3. The present invention allows the unsolidified molten steel to flow back into the melting furnace for being used in the next pouring after the present pouring is finished. Therefore, the yield ratio can be enhanced effectively, the costs for reclaiming can be saved and the output can be increased.
4. The present invention employs negative pressure updraught method to suck the molten steel into the mold cavity. Therefore, the melting temperature of the molten steel can be reduced. Furthermore, shorter flow path system can be used. No impurities will be mixed in the molten steel when the unsolidified molten steel flows back into the melting furnace. Consequently, negative effects on the mechanical property of the steel casts caused by impurities can be prevented.
5. The melting furnace of the present invention is a coil heating type melting furnace.
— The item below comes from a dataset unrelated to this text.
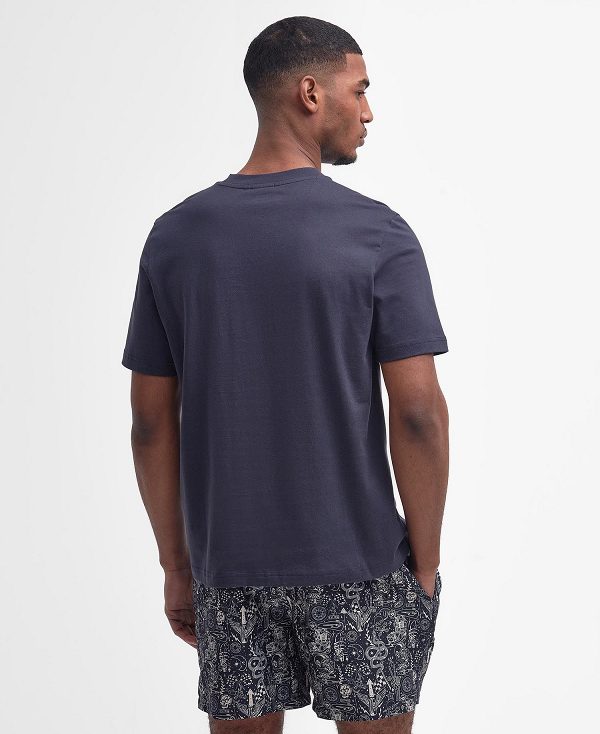 Barbour Ridley Graphic T-shirt Navy | BABO88337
Fused molten steel can be provided directly for the sucking of the suction pipe in order that casts can be formed. Therefore, not only that the pouring process is made more simplified and more effective, no iron bucket and related equipment are needed for reducing the production costs.
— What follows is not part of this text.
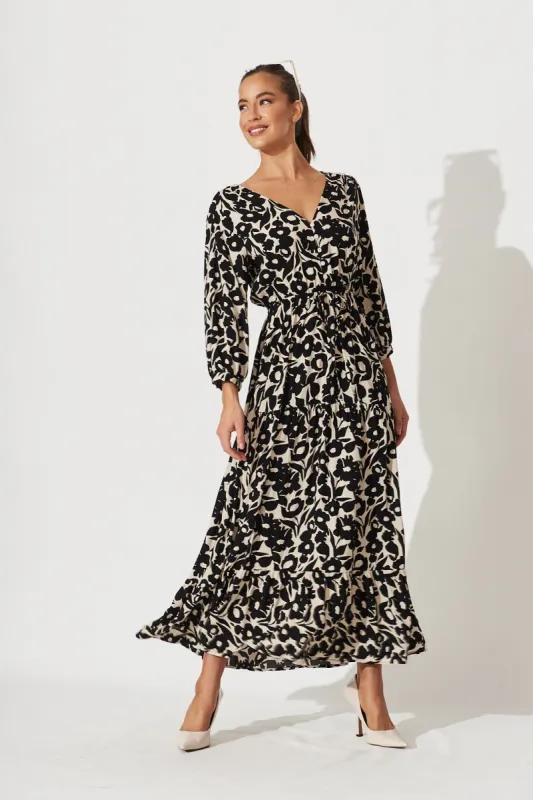 Lucinda Maxi Dress In Black With Cream Floral sold by St Frock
As a conclusion from the above disclosed descriptions, the expected objectives can be achieved by the negative pressure updraught pouring method of the present invention which not only can allow casts to have a thin thickness, the production costs can be reduced, output can be enhanced, manufacturing process can be simplified, and quality of casts can be ensured.

Claims

A negative pressure updraught pouring method provided for at least one mold (5) to form at least one cast, where the at least one mold (5) has a mold cavity (51), a flow path system (53), and an air passage (52), the mold cavity (51) and the flow path system (53) connected with each other inside the mold (5), while the air passage (52) is connected with the mold cavity (51), and the mold (5) is a sand mold and its air passage (52) on the mold is a gap between sand grains of the sand mold; the method comprising following steps of:
a. covering a flat plate (3) with a suction pipe (4) on a top end of a melting furnace (2), filling the melting furnace (2) with molten steel (9), and dipping a bottom end of the suction pipe (4) into the molten steel (9);

b. placing the mold (5) on the flat plate (3) in order to connect the flow path system (53) of the mold (5) with a top end of the suction pipe (4);

c. placing a chamber (6) over the mold (5) and the flat plate (3), drawing the air inside the chamber (6) out to reduce the air pressure inside the chamber (6) and the mold cavity (51), so as to suck the molten steel (9) inside the melting furnace (2) upwardly through the suction pipe (4) in order to flow the molten steel (9) into the mold cavity (51);

d. relieving the negative air pressure inside the chamber (6) when the molten steel (9) within a gate (54) between the flow path system (53) and the mold cavity (51) is solidified and before the molten steel (9) inside the mold cavity (51) is completely solidified, so as to flow the molten steel (9) inside the flow path system (53) back into the melting furnace (2), and after the molten steel (9) inside the flow path system (53) has completely flowed back into the melting furnace (2) removing the chamber (6) and detaching the mold (5) from the flat plate (3) in order that the molten steel (9) inside the mold (5) continues to cool down.
The negative pressure updraught pouring method as claimed in Claim 1, wherein the temperature of the molten steel (9) inside the melting furnace (2) is between 1400°C and 1550°C.